━━━━━ Supplied material

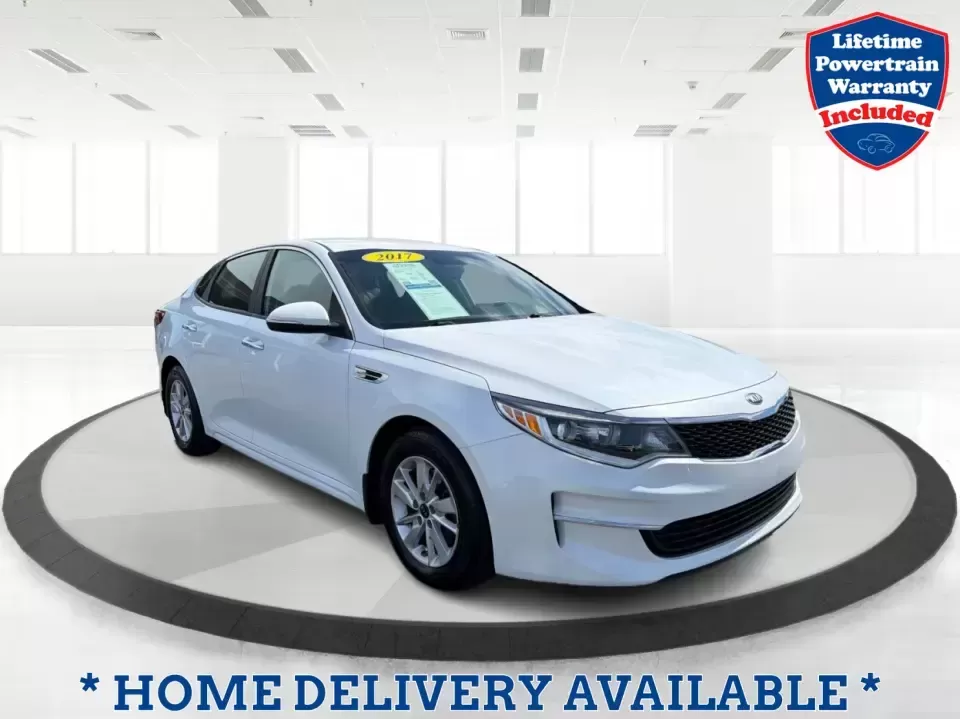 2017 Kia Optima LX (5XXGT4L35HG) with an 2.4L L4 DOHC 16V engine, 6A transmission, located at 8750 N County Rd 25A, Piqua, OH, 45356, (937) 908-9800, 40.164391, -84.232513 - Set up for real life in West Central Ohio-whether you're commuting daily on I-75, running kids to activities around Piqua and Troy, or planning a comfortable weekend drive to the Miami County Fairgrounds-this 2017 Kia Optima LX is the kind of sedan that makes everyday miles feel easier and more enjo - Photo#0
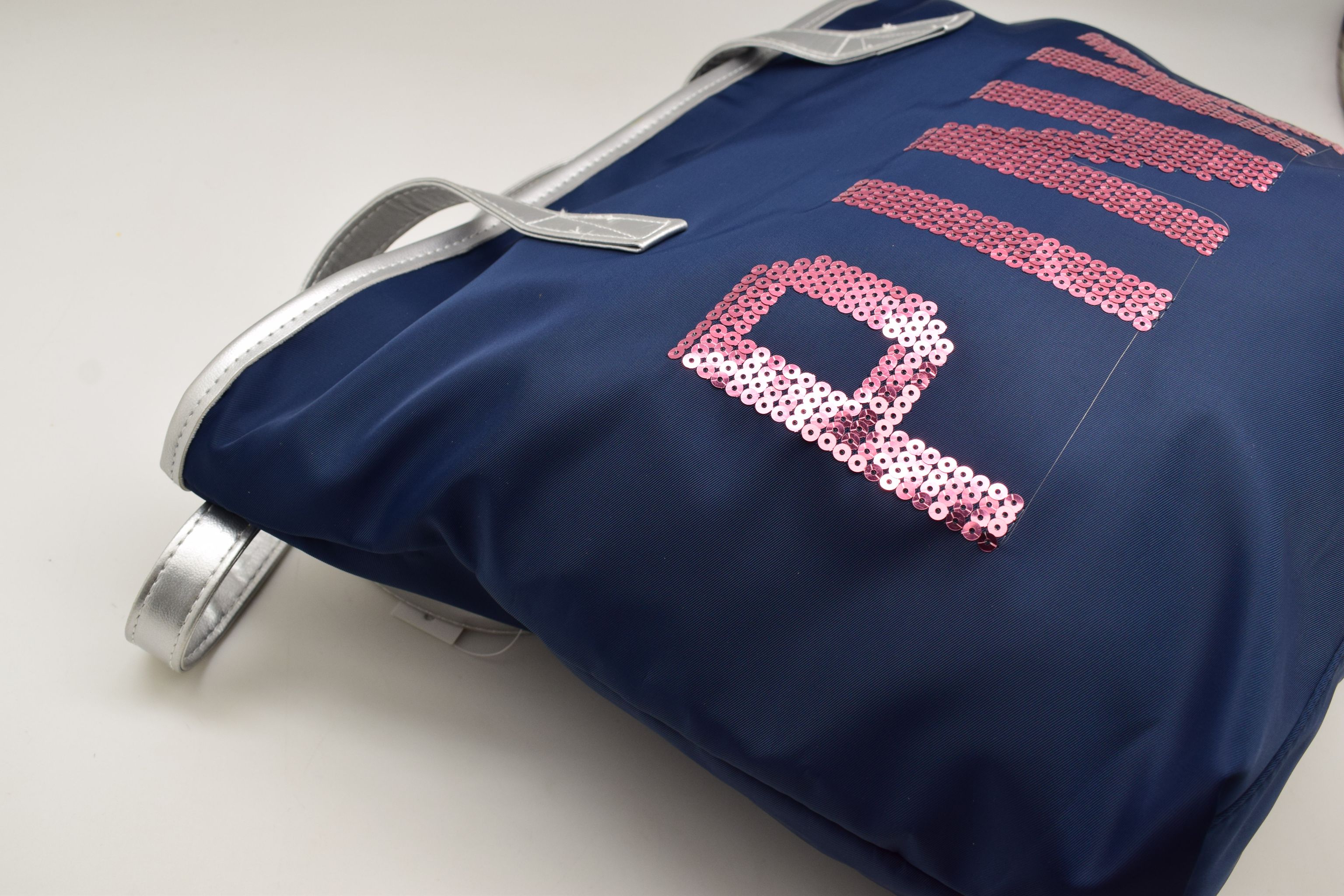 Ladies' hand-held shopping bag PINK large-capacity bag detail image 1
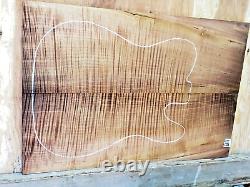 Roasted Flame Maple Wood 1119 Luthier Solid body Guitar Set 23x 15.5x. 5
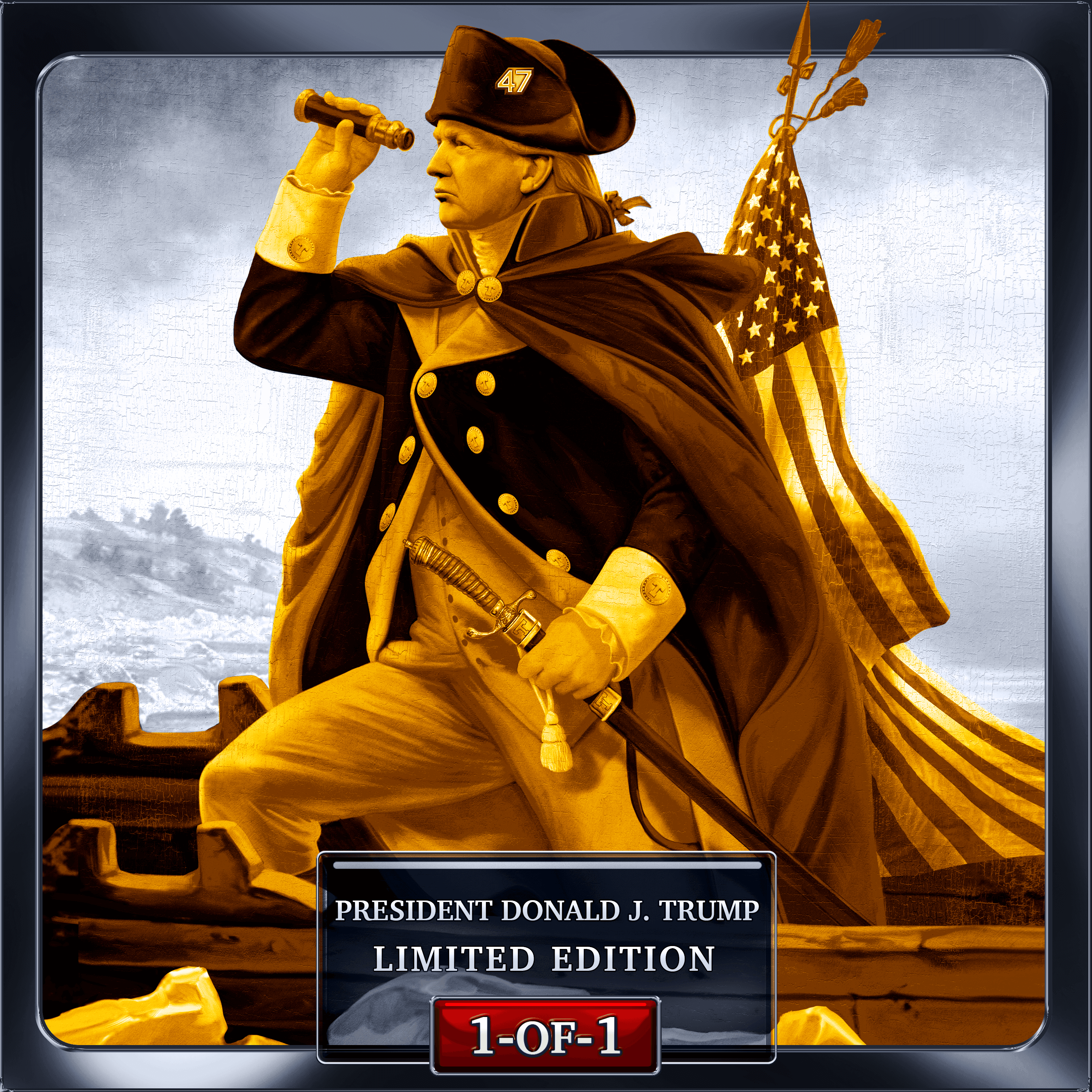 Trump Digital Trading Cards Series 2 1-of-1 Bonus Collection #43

━━━━━━━━━━

◆ Task to complete ◆
All lines of the listing must be given again exactly, excluding the pictures.

◆ Answer section ◆
 2017 Kia Optima LX (5XXGT4L35HG) with an 2.4L L4 DOHC 16V engine, 6A transmission, located at 8750 N County Rd 25A, Piqua, OH, 45356, (937) 908-9800, 40.164391, -84.232513 - Set up for real life in West Central Ohio-whether you're commuting daily on I-75, running kids to activities around Piqua and Troy, or planning a comfortable weekend drive to the Miami County Fairgrounds-this 2017 Kia Optima LX is the kind of sedan that makes everyday miles feel easier and more enjo - Photo#0
 Ladies' hand-held shopping bag PINK large-capacity bag detail image 1
 Roasted Flame Maple Wood 1119 Luthier Solid body Guitar Set 23x 15.5x. 5
 Trump Digital Trading Cards Series 2 1-of-1 Bonus Collection #43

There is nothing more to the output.